=== YOUR TASK ===
Output verbatim the line with "N-BOXカスタム G・Aパッケージ 両側スライド・片側電動" together with every line beneath it, ending at the last line of the entries.

=== INPUT DATA ===
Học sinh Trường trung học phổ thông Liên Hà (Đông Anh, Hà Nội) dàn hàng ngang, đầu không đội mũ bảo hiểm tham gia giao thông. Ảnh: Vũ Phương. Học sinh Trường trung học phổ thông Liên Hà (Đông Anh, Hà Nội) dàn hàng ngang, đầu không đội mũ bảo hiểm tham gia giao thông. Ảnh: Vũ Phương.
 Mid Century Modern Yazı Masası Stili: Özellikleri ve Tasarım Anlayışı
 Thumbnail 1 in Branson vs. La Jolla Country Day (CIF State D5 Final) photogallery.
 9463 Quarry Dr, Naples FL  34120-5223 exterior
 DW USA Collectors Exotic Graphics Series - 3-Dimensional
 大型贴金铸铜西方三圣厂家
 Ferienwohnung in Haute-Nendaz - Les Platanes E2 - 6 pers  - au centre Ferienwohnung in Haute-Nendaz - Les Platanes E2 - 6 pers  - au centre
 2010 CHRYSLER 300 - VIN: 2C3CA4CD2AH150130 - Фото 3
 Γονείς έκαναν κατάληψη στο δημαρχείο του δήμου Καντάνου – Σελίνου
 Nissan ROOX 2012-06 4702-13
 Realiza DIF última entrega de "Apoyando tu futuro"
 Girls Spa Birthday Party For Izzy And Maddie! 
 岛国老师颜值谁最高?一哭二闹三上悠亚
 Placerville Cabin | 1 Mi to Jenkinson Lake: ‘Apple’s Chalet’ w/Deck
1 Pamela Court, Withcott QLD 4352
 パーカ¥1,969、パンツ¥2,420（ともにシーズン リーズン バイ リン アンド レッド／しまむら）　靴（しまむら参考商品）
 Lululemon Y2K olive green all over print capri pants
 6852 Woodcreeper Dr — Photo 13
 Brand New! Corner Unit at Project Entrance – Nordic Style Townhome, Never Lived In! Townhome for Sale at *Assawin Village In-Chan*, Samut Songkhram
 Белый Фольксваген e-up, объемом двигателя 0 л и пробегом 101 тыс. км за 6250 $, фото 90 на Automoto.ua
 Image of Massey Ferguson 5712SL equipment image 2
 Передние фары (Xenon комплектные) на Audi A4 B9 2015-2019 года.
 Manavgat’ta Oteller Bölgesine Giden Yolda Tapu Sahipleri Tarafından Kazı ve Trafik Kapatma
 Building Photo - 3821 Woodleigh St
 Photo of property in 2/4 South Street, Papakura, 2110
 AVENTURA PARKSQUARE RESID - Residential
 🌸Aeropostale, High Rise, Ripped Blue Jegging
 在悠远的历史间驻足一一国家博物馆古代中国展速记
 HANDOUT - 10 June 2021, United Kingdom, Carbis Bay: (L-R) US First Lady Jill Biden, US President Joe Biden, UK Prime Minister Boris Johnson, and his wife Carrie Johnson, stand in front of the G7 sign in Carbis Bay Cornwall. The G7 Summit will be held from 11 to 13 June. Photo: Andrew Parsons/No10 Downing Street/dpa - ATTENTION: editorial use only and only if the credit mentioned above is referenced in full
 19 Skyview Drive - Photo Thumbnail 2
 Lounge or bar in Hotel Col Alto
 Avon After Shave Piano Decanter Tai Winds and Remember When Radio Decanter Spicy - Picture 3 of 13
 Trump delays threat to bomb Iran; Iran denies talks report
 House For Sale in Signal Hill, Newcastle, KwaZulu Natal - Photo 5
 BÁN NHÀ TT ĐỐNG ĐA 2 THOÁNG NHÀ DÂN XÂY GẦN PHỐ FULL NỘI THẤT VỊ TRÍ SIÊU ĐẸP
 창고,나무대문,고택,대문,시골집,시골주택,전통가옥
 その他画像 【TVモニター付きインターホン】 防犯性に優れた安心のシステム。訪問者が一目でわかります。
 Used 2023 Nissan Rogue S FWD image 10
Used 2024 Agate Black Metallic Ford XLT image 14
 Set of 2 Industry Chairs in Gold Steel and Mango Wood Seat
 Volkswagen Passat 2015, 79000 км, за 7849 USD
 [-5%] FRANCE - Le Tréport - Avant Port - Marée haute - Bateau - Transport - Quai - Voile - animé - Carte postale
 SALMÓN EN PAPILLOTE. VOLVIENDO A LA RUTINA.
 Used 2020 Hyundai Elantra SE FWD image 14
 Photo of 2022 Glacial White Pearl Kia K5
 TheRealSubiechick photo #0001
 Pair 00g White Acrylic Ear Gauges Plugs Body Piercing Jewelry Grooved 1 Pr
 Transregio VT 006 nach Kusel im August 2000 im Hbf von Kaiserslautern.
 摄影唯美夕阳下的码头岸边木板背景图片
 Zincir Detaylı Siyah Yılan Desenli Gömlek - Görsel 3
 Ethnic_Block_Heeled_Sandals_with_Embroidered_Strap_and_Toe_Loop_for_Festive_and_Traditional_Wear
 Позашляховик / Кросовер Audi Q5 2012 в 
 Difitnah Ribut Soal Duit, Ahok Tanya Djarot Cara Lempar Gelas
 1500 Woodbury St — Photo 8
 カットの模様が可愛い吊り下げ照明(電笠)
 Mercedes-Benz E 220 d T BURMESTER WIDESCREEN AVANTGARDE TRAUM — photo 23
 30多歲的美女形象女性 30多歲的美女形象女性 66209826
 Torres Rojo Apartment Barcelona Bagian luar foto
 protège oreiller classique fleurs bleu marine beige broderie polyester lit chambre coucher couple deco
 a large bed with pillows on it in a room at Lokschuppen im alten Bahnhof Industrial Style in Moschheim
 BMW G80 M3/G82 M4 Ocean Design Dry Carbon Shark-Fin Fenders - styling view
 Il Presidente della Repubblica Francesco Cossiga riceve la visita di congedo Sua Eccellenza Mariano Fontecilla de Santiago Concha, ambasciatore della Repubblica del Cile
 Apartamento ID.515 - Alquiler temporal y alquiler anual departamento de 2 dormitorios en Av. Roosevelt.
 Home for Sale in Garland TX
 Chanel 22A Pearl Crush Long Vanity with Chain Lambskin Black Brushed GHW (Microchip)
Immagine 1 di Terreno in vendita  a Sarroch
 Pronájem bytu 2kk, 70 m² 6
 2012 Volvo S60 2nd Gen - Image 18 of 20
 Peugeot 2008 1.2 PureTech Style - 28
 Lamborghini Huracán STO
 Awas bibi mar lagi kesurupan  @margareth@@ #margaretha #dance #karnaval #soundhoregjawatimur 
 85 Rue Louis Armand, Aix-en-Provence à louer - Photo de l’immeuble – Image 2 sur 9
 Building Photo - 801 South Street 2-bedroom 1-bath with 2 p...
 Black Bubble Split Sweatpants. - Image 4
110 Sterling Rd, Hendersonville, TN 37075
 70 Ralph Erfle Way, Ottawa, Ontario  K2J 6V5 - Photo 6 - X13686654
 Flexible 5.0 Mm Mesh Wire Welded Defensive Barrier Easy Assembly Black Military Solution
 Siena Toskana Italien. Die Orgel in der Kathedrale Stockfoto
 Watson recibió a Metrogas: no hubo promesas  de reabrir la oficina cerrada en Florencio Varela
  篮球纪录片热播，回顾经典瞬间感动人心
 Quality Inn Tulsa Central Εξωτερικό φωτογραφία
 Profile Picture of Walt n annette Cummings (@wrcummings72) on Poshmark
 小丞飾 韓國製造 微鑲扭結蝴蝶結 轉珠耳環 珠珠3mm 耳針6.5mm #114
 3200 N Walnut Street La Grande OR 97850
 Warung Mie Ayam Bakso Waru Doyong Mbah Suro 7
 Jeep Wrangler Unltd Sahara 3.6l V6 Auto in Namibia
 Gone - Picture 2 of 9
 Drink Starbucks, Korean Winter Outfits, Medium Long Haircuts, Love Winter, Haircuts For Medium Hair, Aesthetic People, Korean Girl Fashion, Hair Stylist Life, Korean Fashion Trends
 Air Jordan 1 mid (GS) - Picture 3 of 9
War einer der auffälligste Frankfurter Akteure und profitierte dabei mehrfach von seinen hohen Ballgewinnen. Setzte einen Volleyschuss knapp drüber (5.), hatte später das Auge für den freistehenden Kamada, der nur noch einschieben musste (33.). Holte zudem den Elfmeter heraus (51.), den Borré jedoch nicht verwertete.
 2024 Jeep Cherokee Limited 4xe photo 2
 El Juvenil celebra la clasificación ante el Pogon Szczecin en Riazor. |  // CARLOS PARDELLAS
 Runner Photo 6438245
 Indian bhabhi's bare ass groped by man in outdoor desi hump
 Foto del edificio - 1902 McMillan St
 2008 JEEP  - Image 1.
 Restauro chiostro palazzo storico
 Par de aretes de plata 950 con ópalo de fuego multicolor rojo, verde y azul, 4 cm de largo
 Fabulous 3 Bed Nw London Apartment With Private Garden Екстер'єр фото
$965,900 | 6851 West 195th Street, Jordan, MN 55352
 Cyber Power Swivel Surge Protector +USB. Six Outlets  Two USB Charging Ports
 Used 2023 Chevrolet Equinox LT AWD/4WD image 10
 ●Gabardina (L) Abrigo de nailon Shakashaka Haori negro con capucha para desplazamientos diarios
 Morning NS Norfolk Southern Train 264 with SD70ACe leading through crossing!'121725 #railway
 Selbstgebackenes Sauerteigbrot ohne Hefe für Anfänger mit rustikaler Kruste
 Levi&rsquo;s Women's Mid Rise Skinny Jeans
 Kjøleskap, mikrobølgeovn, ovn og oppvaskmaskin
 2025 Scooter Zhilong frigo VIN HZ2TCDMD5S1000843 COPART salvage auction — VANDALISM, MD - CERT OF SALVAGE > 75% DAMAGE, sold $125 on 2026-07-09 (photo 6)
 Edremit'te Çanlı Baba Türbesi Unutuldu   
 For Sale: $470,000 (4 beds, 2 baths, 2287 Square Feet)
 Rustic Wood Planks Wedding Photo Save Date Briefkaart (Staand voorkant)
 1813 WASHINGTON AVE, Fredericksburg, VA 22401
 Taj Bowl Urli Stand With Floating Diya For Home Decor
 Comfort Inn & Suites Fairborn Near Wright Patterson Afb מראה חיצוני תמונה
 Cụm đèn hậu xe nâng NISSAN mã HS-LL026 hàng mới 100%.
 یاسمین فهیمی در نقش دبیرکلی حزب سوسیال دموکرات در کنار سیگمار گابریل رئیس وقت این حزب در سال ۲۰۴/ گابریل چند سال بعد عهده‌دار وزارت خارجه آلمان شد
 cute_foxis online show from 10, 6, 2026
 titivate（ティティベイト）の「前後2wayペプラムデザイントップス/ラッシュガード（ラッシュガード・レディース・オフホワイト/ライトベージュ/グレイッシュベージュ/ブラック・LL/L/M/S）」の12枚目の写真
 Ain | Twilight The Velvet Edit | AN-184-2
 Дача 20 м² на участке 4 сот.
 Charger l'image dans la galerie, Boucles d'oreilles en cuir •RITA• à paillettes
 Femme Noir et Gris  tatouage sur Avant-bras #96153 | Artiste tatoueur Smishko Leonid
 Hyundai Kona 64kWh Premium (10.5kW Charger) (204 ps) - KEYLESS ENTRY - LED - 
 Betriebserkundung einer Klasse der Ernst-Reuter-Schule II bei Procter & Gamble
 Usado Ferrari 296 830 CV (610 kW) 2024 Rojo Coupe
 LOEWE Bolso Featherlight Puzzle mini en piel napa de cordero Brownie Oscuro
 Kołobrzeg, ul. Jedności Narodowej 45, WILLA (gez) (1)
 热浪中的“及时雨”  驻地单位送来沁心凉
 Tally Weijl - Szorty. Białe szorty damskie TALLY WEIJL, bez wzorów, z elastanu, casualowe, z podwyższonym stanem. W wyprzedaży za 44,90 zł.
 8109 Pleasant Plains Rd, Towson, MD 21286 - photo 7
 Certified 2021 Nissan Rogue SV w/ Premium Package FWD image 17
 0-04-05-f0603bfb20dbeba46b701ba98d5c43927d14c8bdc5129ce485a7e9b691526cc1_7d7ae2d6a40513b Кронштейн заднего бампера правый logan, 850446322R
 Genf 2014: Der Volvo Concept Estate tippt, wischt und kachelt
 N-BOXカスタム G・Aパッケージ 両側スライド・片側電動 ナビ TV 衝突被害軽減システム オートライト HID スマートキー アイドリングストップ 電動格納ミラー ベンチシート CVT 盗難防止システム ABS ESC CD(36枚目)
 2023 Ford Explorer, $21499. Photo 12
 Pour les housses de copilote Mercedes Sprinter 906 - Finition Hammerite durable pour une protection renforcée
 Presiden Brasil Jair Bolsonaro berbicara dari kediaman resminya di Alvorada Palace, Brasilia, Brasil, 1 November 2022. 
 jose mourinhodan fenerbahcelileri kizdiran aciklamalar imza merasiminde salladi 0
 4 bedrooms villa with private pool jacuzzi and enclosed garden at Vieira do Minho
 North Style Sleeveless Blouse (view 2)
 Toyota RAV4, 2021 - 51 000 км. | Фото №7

=== ANSWER FOR THIS EXERCISE ===
 N-BOXカスタム G・Aパッケージ 両側スライド・片側電動 ナビ TV 衝突被害軽減システム オートライト HID スマートキー アイドリングストップ 電動格納ミラー ベンチシート CVT 盗難防止システム ABS ESC CD(36枚目)
 2023 Ford Explorer, $21499. Photo 12
 Pour les housses de copilote Mercedes Sprinter 906 - Finition Hammerite durable pour une protection renforcée
 Presiden Brasil Jair Bolsonaro berbicara dari kediaman resminya di Alvorada Palace, Brasilia, Brasil, 1 November 2022. 
 jose mourinhodan fenerbahcelileri kizdiran aciklamalar imza merasiminde salladi 0
 4 bedrooms villa with private pool jacuzzi and enclosed garden at Vieira do Minho
 North Style Sleeveless Blouse (view 2)
 Toyota RAV4, 2021 - 51 000 км. | Фото №7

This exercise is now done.